If you join a credit-risk team — a bank, a fintech lender, a BNPL, an auto loan portfolio — by year two you will own two queries: the vintage curve and the roll-rate matrix. They sit behind every portfolio review, every board slide on credit quality, every loss forecast. Getting them right is table stakes. Getting them right *quickly* is the difference between a seat at the weekly risk review and a seat at the junior desk.
This post is the practical how-to: what each one is, why stakeholders care, how to write it from a realistic banking schema, and how it gets asked about in an interview. Everything here runs against the caseSQL banking schema — dim_loans, fact_originations, fact_loan_status — so you can try each query end-to-end.
What a vintage curve actually is
A vintage curve tracks a cohort of loans originated in the same month, measuring how they perform over their lifetime. The x-axis is "months on book" (MOB): 1, 2, 3, ... 24. The y-axis is a risk metric — most commonly the cumulative default rate or the 30+ day delinquency rate. Each line on the chart is one origination month.

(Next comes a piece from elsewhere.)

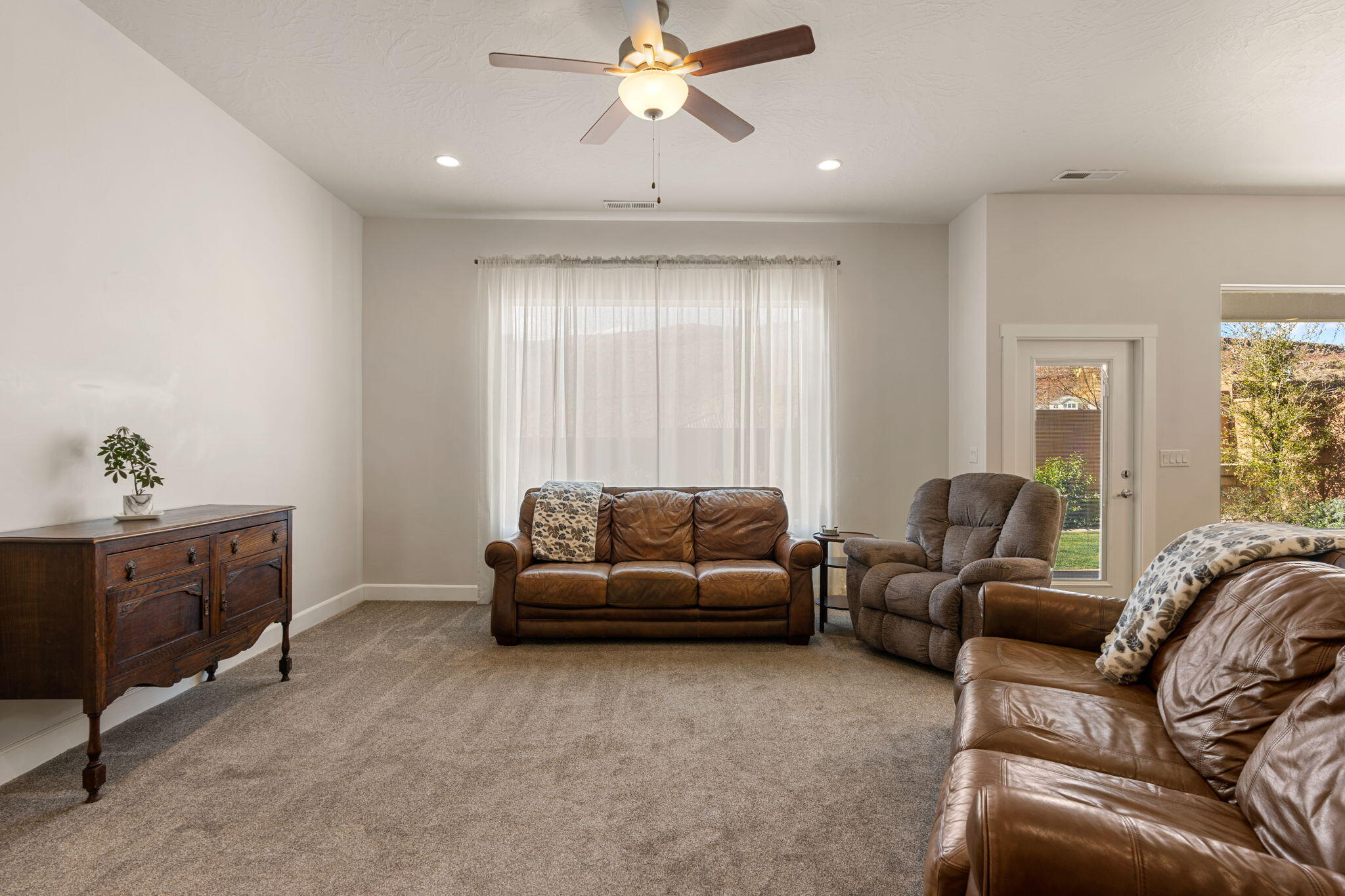 RIVERBEND AT SUNRISE VALLEY - Residential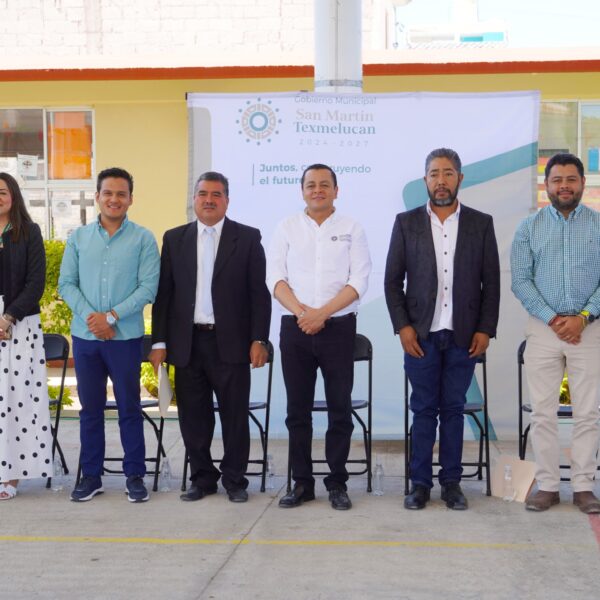 El gobierno de San Martín Texmelucan, encabezado por Juan Manuel Alonso Ramírez, dio inicio a la construcción de un salón de usos múltiples en la primaria Héroes de la Independencia, en San Juan Tuxco.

The curve’s shape tells you whether newer loans are performing worse than older loans at the same age, which is a leading indicator of credit quality. If the April vintage is at 2% default by MOB 6 and the October vintage is at 4% default by MOB 6, something changed in underwriting between those months — and the credit officer wants to know before month 12.
Writing a monthly vintage in SQL
The core move is joining originations to the status history on months_on_book rather than on calendar date. Every warehouse has slightly different date arithmetic — in PostgreSQL:
WITH originations AS (
SELECT
loan_id,
DATE_TRUNC('month', originated_at)::date AS vintage_month
FROM fact_originations
),
loan_ages AS (
SELECT
o.vintage_month,
o.loan_id,
s.status,
(EXTRACT(YEAR FROM s.status_date) - EXTRACT(YEAR FROM o.vintage_month)) * 12
+ (EXTRACT(MONTH FROM s.status_date) - EXTRACT(MONTH FROM o.vintage_month)) AS months_on_book
FROM originations o
JOIN fact_loan_status s USING (loan_id)
)
SELECT
vintage_month,
months_on_book,
COUNT(DISTINCT loan_id) AS loans,
SUM(CASE WHEN status = '30_day_delinquent' THEN 1 ELSE 0 END) AS dq_30,
ROUND(100.0 * SUM(CASE WHEN status = '30_day_delinquent' THEN 1 ELSE 0 END)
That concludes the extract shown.